If you’re not careful, their estimate may be far less than what it takes to get what you want, or what you end up spending. You can mitigate allowances by doing enough shopping and product research to give the contractor an accurate approximate price for the materials or products you’re considering.
2. Be a Good Customer to Expect a Good Contractor
As the saying goes, you get what you give. Being a customer that your contractor and their team enjoy working for will likely result in a higher quality of work, if not an increase in flexibility from your contractor and their team. That means being decisive in decisions made with the contractor so as to not waste their time – as well as paying promptly and in full at the agreed upon junctures, so long as their side of the contract has also been held up. Some little things that can also go a long way is clearly designating a bathroom for any onsite workers to use, learning and calling workers by their name, and offering water or other cold drinks on hot days.
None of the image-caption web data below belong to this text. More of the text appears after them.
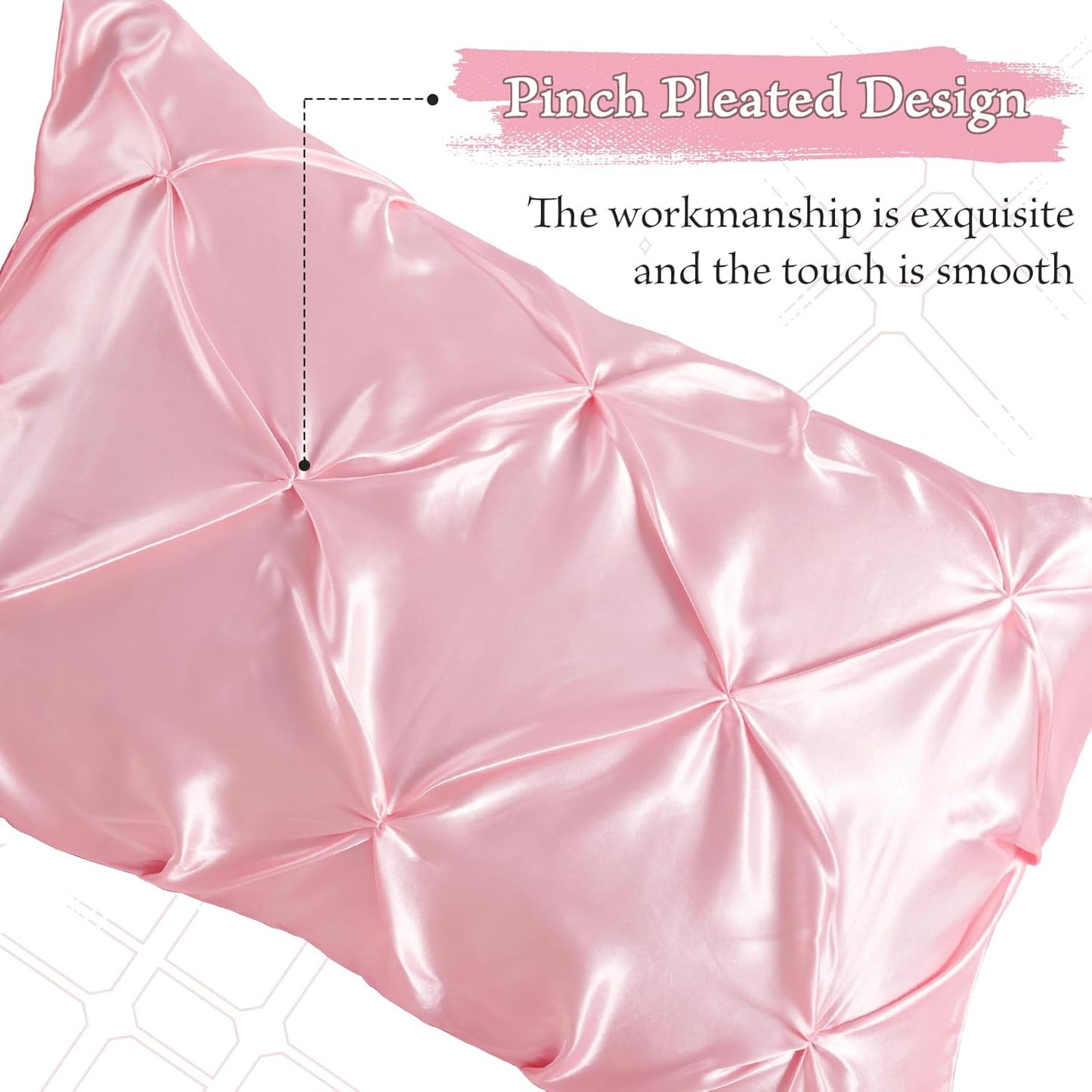 P Pothuiny 3-Piece Set Pintuck Satin Pillowcases & Queen Fitted Sheet, Blush Pink Satin Sheet Silky Soft Luxury Romantic Pinch Pleated Bedding Bedroom Dorm Decor, 15 Inch Deep Pocket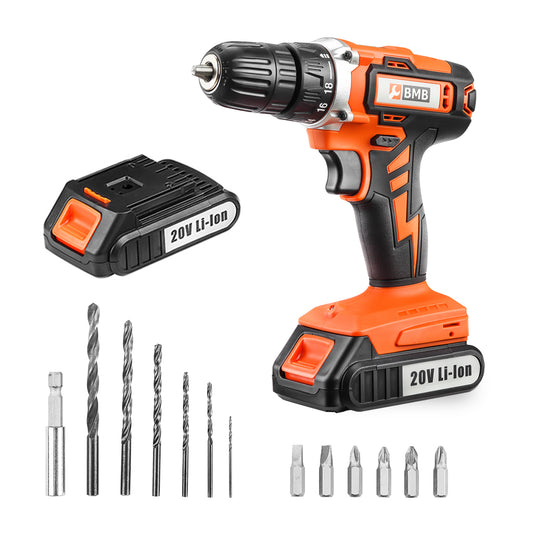 Cordless Drill 20V 10mm 2 Batteries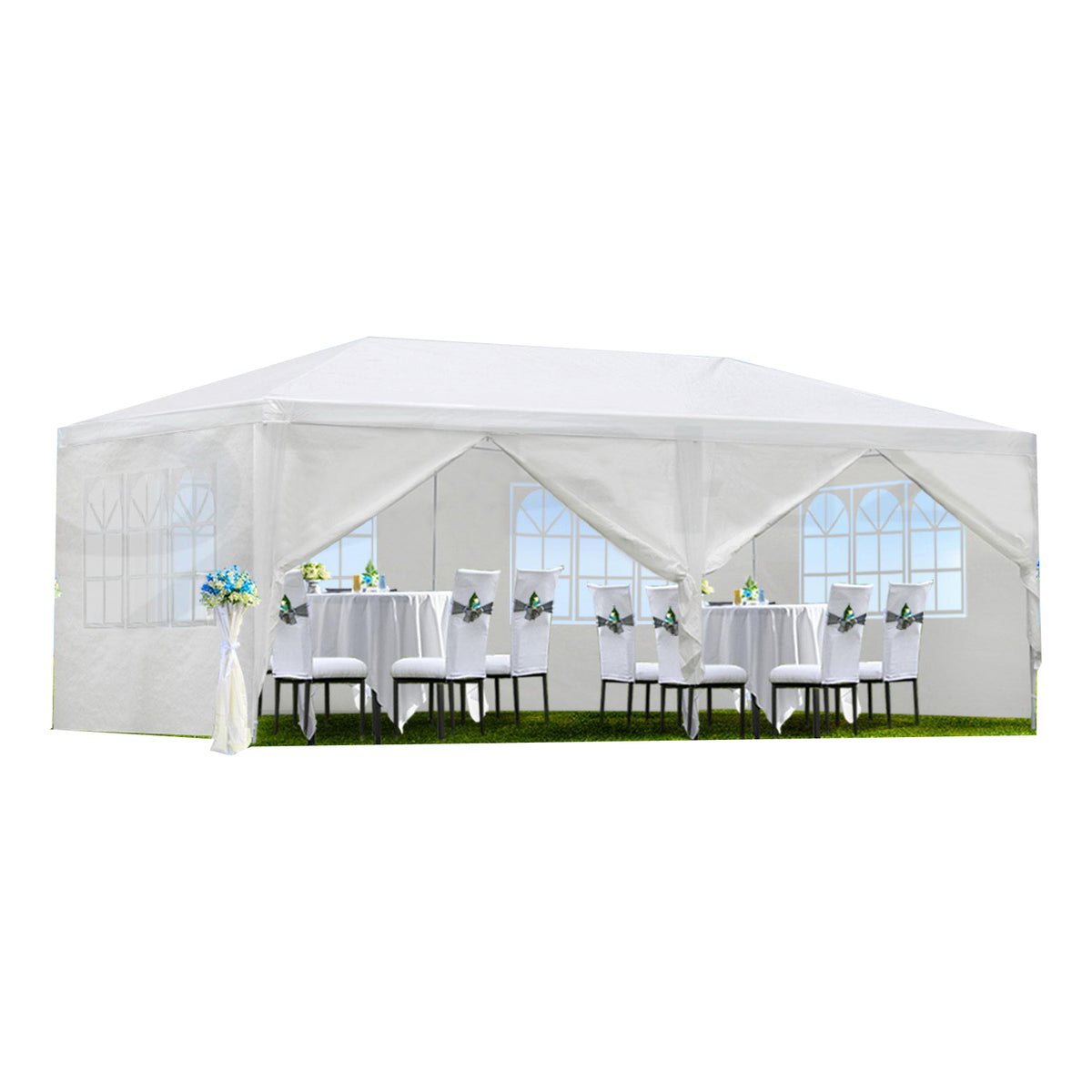 10x20' Outdoor Garden Gazebo Tent with 6 Removable Sidewalls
3. Be a Good Communicator – and Expect the Same in Return
Make sure to ask your contractor how they prefer to communicate with you at the beginning of the project. Whether this is being onsite at designated times, via cell phone, or through a foreman, good communication makes the job easier for both of you.
4. Track Any and All Project Changes in Writing
Whenever you undertake a construction project, there will be changes or problems that arise that necessitate a change to the original agreement. With a good contractor these shouldn’t be a problem, but be sure to get all agreed changes and prices in writing to ensure that changes in costs match any changes in work. It helps to specify in the original contract that you need orders in writing for anything that adds to the bottom line.
5. Only Pay for Work That Has Been Completed
Your initial renovation or remodeling contract should include the series of payments to be made when designated parts of the job are finished. Make sure to never put down more than 10% upfront; any more than that gives an incentive for a lower quality of work, and could signify a less than creditworthy contractor.